Exports turn sealed sessions into Parquet, WebDataset, JSONL, or Arrow datasets for downstream training. See datasets concepts for the data shape.
Create an export
{
"workflow": "process_invoice",
"filter": {
"outcome": "success",
"since": "2026-01-01"
},
"format": "webdataset",
"frame_sampling": { "mode": "event_only", "keep_action_frames": true },
"destination": {
"kind": "s3",
"bucket": "my-training-bucket",
"prefix": "nusomi/process_invoice/v1/",
"region": "us-east-1",
"role_arn": "arn:aws:iam::123456789012:role/NusomiExport"
},
"tag": "process_invoice@v1"
}
Body
| Field | Required | Notes |
|---|
workflow | yes | One or more workflow slugs. |
filter | no | See filters below. |
format | yes | parquet | webdataset | jsonl | arrow. |
frame_sampling | no | See frame sampling. |
destination | yes | See destinations. |
tag | no | Free-form label for versioning. |
Response 202
{
"id": "exp_01HZ...",
"status": "queued",
"manifest_url": null,
"created_at": "2026-05-07T14:08:11Z"
}
Get an export
{
"id": "exp_01HZ...",
"status": "completed",
"rows": 184_312,
"shards": 24,
"shard_size_bytes": 268_435_456,
"frames": 184_312,
"actions": 184_312,
"manifest_url": "s3://my-training-bucket/.../manifest.json"
}
status progresses queued → running → completed | failed.
List exports
GET /v1/exports?workflow=process_invoice&status=completed
Filters
| Field | Notes |
|---|
outcome | success | error | abandoned. |
since / until | ISO or relative. |
actor.kind | human | model | script. |
min_duration_ms / max_duration_ms | Wall-clock bounds. |
tag | Sessions carrying a specific tag. |
path | Memory-graph subpath id. |
exclude_session_ids | Manually drop sessions. |
Frame sampling
{
"mode": "event_only" | "every_n_ms" | "keyframes_only" | "all",
"interval_ms": 100,
"keep_action_frames": true
}
| Mode | Notes |
|---|
event_only | Default.
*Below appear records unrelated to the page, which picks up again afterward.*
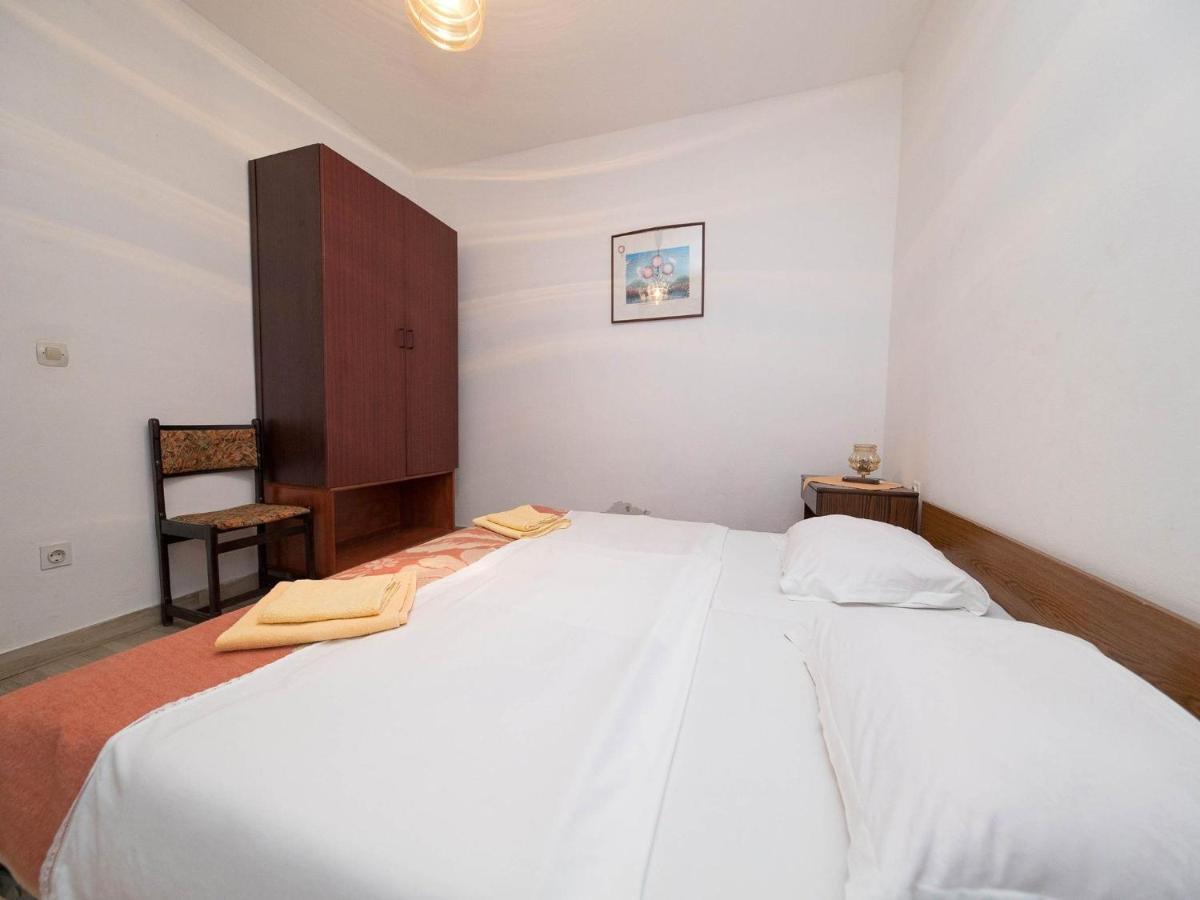 Apartments Biserka ซริกเวนิซา ภายนอก รูปภาพ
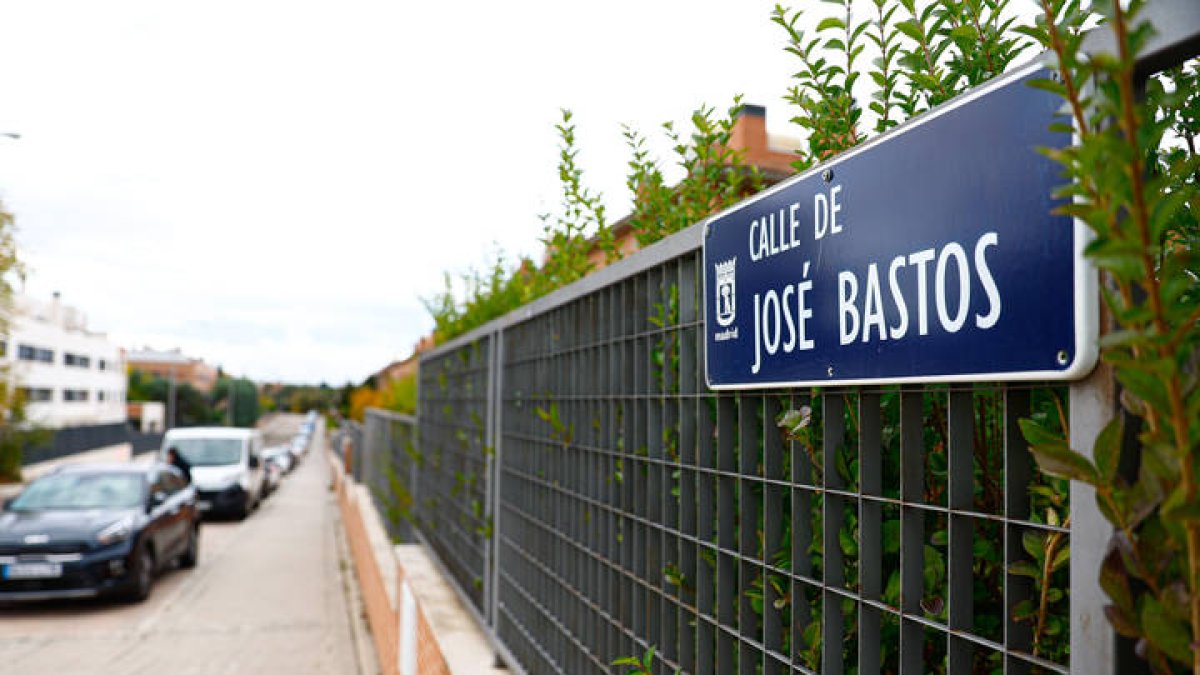 Detalle de la placa de la calle José Bastos de Madrid en la que la presidenta del Grupo Eulen, María José Álvarez, fue atacada por dos hombres armados. RODRIGO JIMÉNEZ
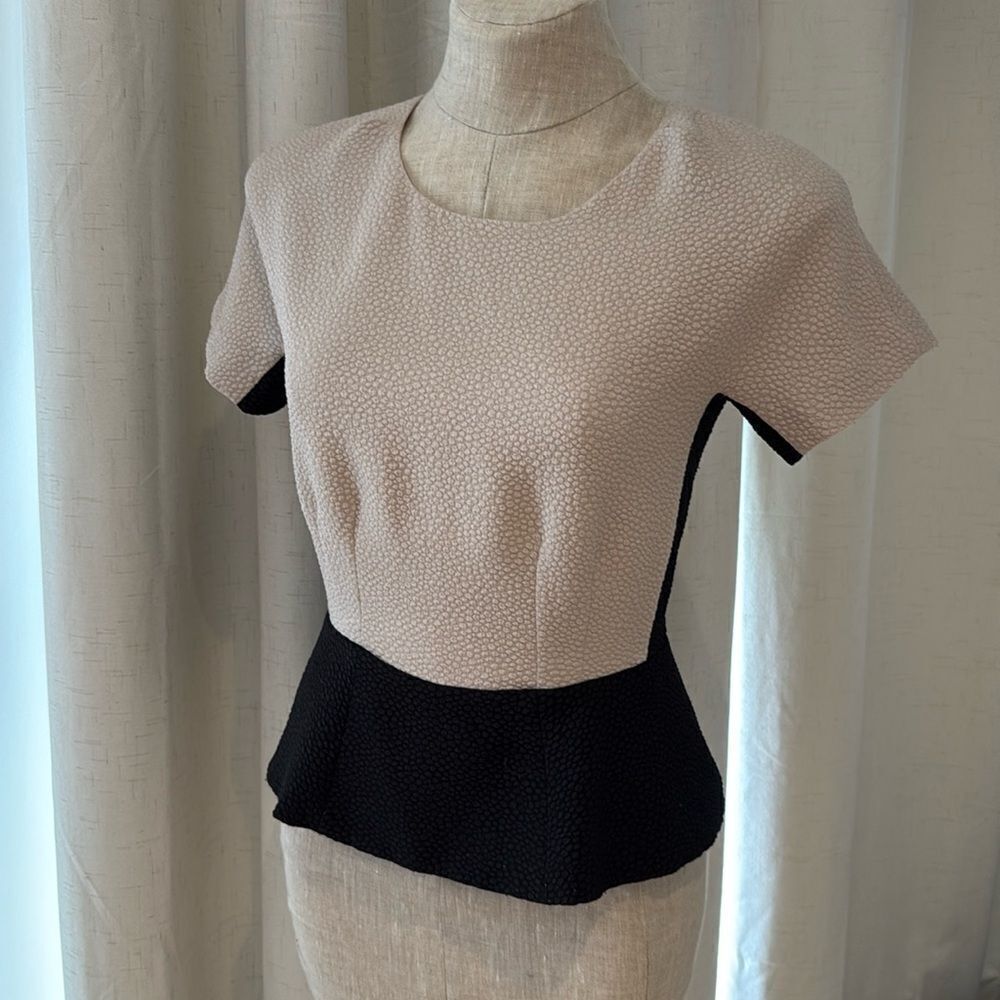 W118 By Walter Baker Back Zip Short Sleeve Peplum Blouse Size XS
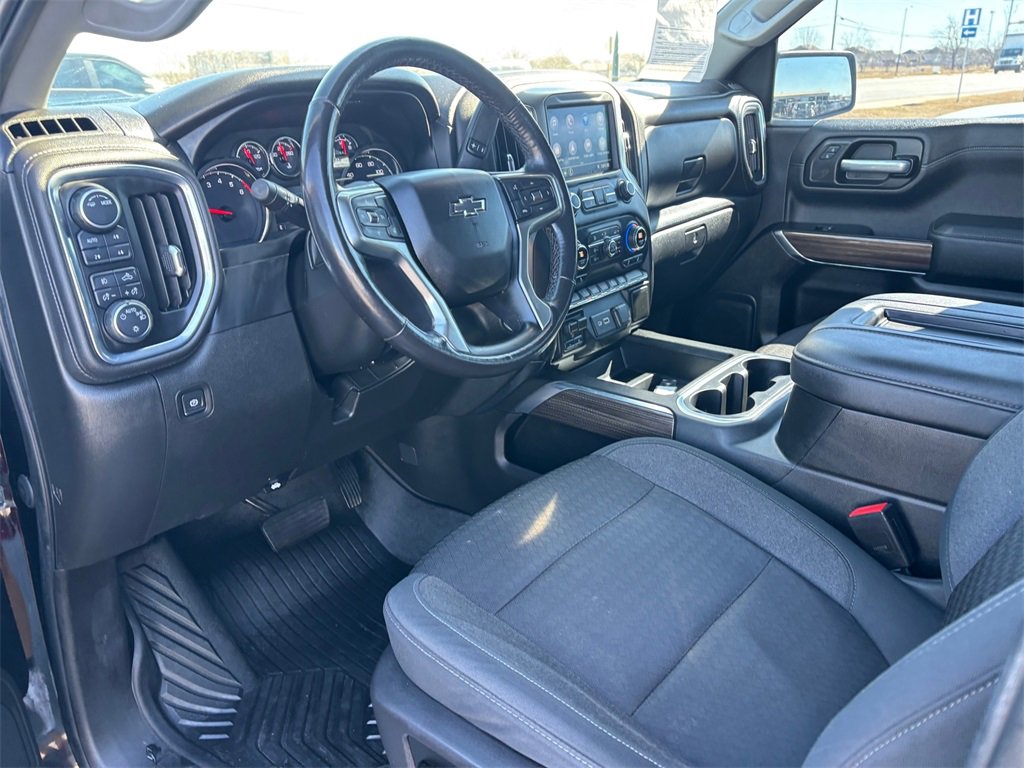 Used 2021 Chevrolet Silverado 1500 LT Trail Boss w/ Bed Protection Package image 6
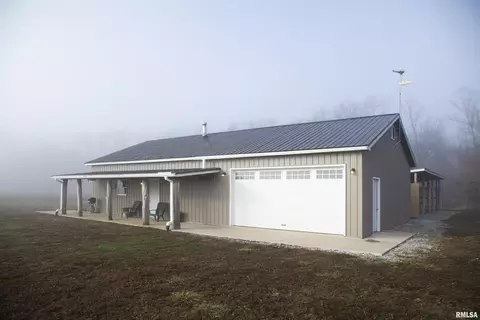 12532 N Geiman Rd, Browning, IL 62624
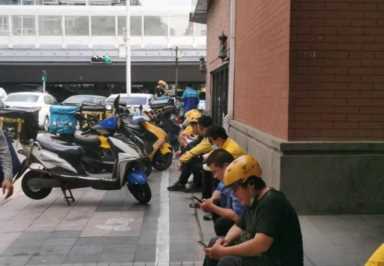 上海美团众包又现抢单外挂，骑士收入千差万别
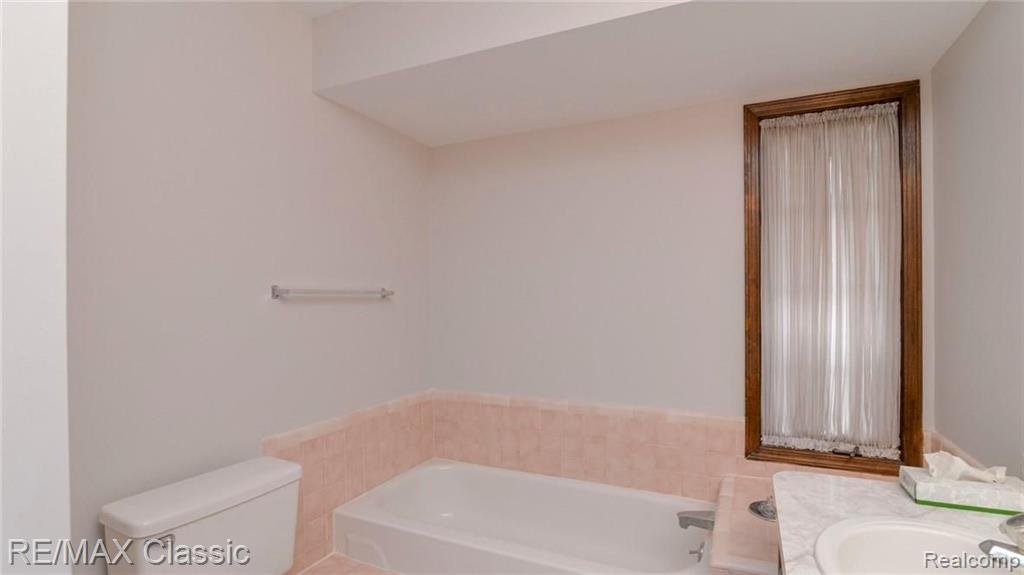 688 Sunlight Drive Rochester Hills, MI 48309 - Photo 54 of 63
Frames where an event fires. |
every_n_ms | Sample at fixed cadence. |
keyframes_only | Only frames where the screen changed materially. |
all | Every captured frame. Costly. |
Destinations
{
"kind": "s3",
"bucket": "my-bucket",
"prefix": "nusomi/v1/",
"region": "us-east-1",
"role_arn": "arn:aws:iam::...:role/NusomiExport"
}
Cross-account assume-role is the recommended pattern. Nusomi will assume the role with external_id = workspace_id.
GCS
{
"kind": "gcs",
"bucket": "my-bucket",
"prefix": "nusomi/v1/",
"service_account": "nusomi-export@acme-prod.iam.gserviceaccount.com"
}
Workload-identity federation is supported.
Azure Blob
{
"kind": "azure_blob",
"account": "myaccount",
"container": "training",
"prefix": "nusomi/v1/"
}
Signed URL (Nusomi-hosted)
Returns time-limited URLs in the manifest. Useful for one-off pulls.
Determinism
Exports are deterministic for a given filter — re-run the same POST /v1/exports with the same filter and you’ll get the same row set. Pass an explicit until to freeze the upper bound.
Manifest
manifest_url points to a JSON object listing every shard, its size, its row count, and a SHA-256 hash. Use it to reproduce or version your training set.